Le cocktail de l’immobilisme

Pourquoi les gens ne changent-ils pas ?
Verrouillage, lobbies, experts : le cocktail de l’immobilisme
(4e partie)

Nous sommes en train de changer d’ère. D’une ampleur difficilement mesurable, le basculement en cours est tel qu’on parle d’une nouvelle époque géologique : l’anthropocène. Pourtant, tout semble suivre son petit bonhomme de chemin, la pluie et le beau temps, métro, boulot, dodo, rien de neuf sous le soleil en apparence. Cette rubrique est consacrée à explorer, sous divers angles, la question suivante : pourquoi les gens ne changent-ils pas ? Quatrième chapitre : les mécanismes institutionnels de blocage.

Les choses auraient-elles pu se dérouler autrement ? Imaginons, par exemple, que dès le début du vingtième siècle, la logique ait prévalu dans l’aménagement du territoire, avec une priorité absolue pour un maillage dense de transports collectifs dans les villes et entre elles, reléguant la voiture individuelle aux quelques cas où elle s’avère indispensable, pour des liaisons plus ponctuelles… Ou encore : reconstruisons mentalement un monde où l’agriculture et la production d’énergie seraient restées décentralisées et locales, avec des innovations techniques aussi performantes que celles que nous connaissons, mais différentes, adaptées à des circuits courts de production…
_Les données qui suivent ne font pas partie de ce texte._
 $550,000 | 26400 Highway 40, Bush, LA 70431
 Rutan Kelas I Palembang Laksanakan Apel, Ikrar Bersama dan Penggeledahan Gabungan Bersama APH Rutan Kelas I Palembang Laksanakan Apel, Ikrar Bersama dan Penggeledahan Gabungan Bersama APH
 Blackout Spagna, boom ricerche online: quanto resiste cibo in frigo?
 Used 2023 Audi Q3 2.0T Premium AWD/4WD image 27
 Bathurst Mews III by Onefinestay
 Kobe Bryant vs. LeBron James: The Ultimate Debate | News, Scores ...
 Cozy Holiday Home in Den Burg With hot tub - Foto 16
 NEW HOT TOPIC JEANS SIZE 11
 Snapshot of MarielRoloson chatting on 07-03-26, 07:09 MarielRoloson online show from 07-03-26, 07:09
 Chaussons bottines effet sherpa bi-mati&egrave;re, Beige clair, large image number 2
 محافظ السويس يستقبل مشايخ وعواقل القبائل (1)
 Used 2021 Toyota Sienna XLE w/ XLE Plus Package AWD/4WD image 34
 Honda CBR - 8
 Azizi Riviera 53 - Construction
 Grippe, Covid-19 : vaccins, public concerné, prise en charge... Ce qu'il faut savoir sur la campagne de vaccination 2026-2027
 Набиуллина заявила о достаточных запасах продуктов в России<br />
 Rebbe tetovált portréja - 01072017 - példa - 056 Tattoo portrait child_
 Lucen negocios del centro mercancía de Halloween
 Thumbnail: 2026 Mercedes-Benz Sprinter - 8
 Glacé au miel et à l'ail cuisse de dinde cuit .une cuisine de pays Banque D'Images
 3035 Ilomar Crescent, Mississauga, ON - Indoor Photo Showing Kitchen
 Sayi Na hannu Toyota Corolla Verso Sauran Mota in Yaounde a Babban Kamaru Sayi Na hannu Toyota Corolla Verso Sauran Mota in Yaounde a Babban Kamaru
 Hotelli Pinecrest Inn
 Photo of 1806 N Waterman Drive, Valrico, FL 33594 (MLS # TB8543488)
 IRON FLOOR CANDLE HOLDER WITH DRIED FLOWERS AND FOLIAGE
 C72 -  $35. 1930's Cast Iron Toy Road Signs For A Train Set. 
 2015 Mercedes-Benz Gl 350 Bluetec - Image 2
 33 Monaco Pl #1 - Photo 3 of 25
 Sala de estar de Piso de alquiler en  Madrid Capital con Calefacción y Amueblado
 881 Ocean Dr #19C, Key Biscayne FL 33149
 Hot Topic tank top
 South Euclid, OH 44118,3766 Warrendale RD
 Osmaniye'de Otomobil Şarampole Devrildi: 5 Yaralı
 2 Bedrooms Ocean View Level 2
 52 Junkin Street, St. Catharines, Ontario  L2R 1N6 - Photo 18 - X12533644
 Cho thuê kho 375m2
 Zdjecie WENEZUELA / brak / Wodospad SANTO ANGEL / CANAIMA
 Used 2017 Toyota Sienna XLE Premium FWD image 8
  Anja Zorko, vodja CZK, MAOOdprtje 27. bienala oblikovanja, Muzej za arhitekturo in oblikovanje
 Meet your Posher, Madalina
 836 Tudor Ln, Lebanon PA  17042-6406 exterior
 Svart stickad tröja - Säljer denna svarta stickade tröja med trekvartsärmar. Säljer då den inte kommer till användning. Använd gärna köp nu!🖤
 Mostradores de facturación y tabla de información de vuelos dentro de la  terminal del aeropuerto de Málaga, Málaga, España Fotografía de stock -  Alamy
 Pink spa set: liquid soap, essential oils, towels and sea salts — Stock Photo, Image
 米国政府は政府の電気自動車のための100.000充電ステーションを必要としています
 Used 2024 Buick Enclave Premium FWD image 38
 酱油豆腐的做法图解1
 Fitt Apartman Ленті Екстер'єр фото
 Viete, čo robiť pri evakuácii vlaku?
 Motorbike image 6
Nous sommes habitués à considérer l’innovation technologique comme un bienfait inéluctable, voué à s’imposer quoi qu’il arrive. « Il faut vivre avec son temps », entend-on régulièrement. Sans renier l’adage, il faut pourtant dénoncer ce qu’il a de mensonger. Il laisse croire, en effet, que la direction qui est prise est la seule possible. Pourtant, chaque décision de consacrer des investissements – de recherche, d’expérimentations – à un certain type d’innovation ou de technique est, en même temps, une décision de ne pas les consacrer à d’autres types d’outils. Nous allons ici nous demander pourquoi de tels choix sont posés, puis prolongés, plutôt que d’autres.